Deer, Bats, Turtles, Robins and Hawks

Many changes are rippling through our yard and field ecosystems. Our five, resident deer have all made it through the winter. Up through February 1 part of their foraging and browsing circuit included our front yard sunflower seed, bird feeders. They would empty both feeders every night. For the past two weeks, though, they have only come to the feeders twice.

Birds are increasingly singing in the morning hours. Winter wrens, titmice, and cardinals sing in the thickets just below our deck. Blue jays are whistling their clear single-toned calls from the high branches of our spruces and red maples.

No one has moved into my bat house yet. I will begin to seriously look for little brown bats around mid-March. Some of the bats will be emerging from local, hibernation spots (caves and rock crevices), others will be arriving via migration after hibernating in warmer climes.

My box turtle has started to stare up at the mesh covering of his terrarium. He is starting to think about strawberries and earthworms (who isn’t?). In his world, fruit and worms drop in from the sky. He’s not quite ready to start eating, though. He is still slow and sleepy from the long winter. Soon, he’ll starting banging around on his water bowl, and I will know that his appetite has returned (just in time for the $7 a pound strawberries to come into the grocery store!).

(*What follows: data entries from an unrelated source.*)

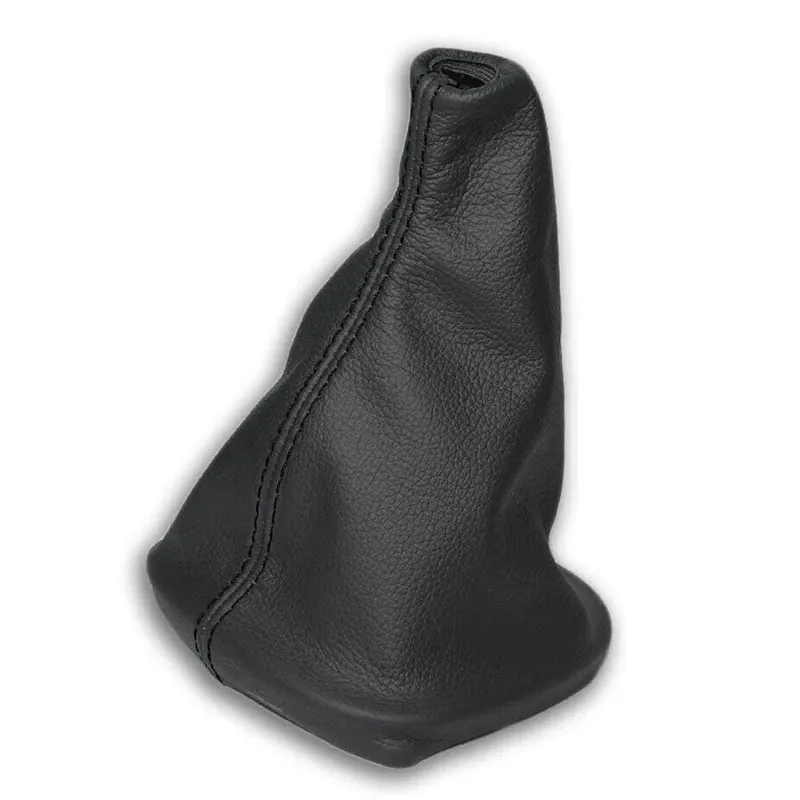 Végkiárusítás Citroen Jumpy II váltószoknya bőr 2007-2015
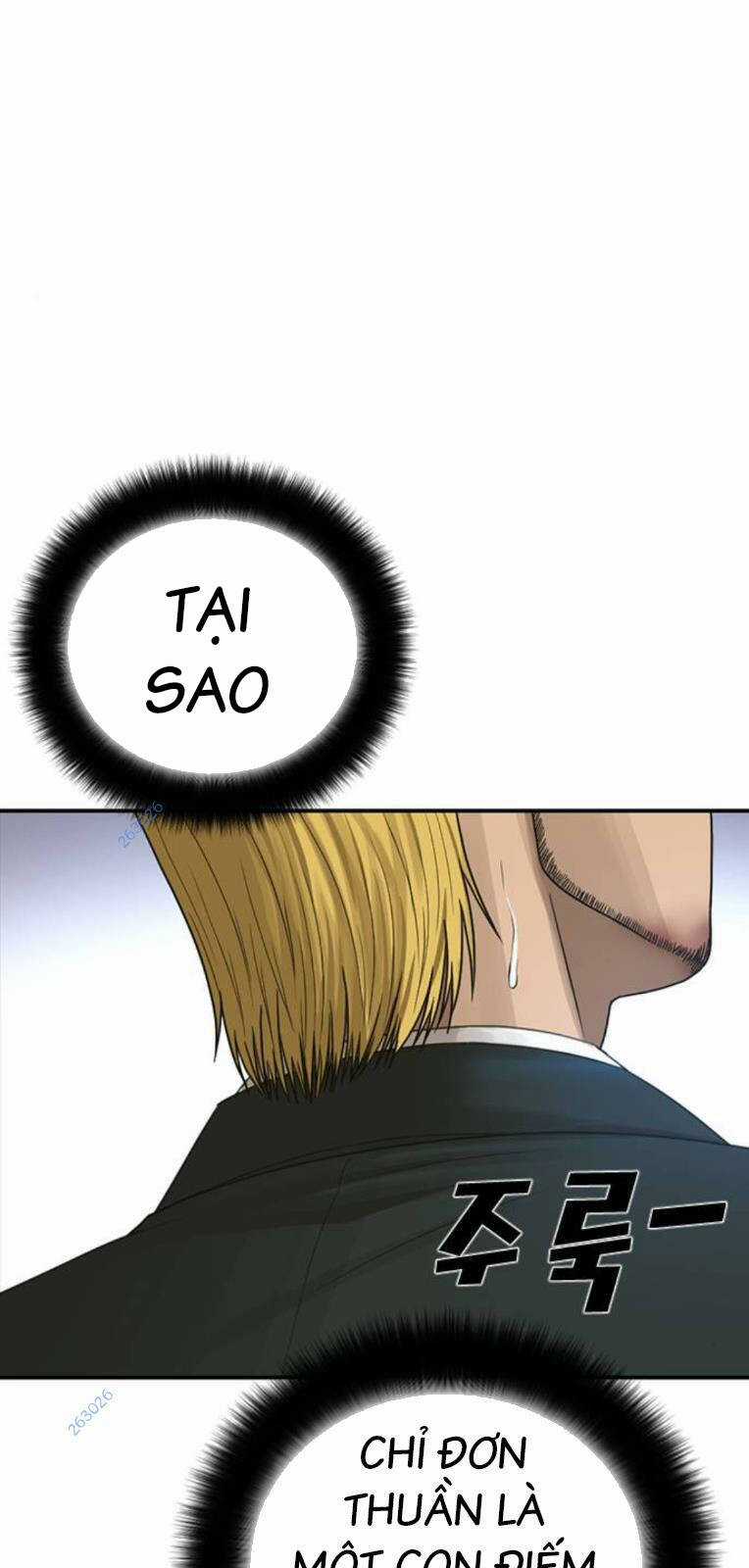 Thời Đại Ulzzang - Chapter 20 - Trang 30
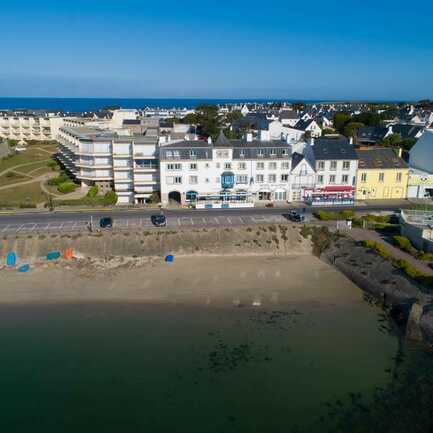 HoteldelaMerQuiberon3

On Tuesday (February 15) I saw a flock of 40 robins flying up and over the cemetery on the hilltop just outside of Apollo. Maria Franco De Gomez had seen two robins on January 26, Deborah had seen one on Route 780 on February 4, and Tracie Brockhoff had seen one up in Dayton on February 6. The flocks have been lurking all around us in south facing valleys and holly thickets just waiting for a good thaw to open up worm-hunting sites!

The dark-eyed juncos are becoming less and less abundant in the seed piles under my bird feeders. They may have started to head north into their spring and summer ranges. We saw a number of these birds in the dense hemlock forests along the northern parts of the Baker Trail last summer.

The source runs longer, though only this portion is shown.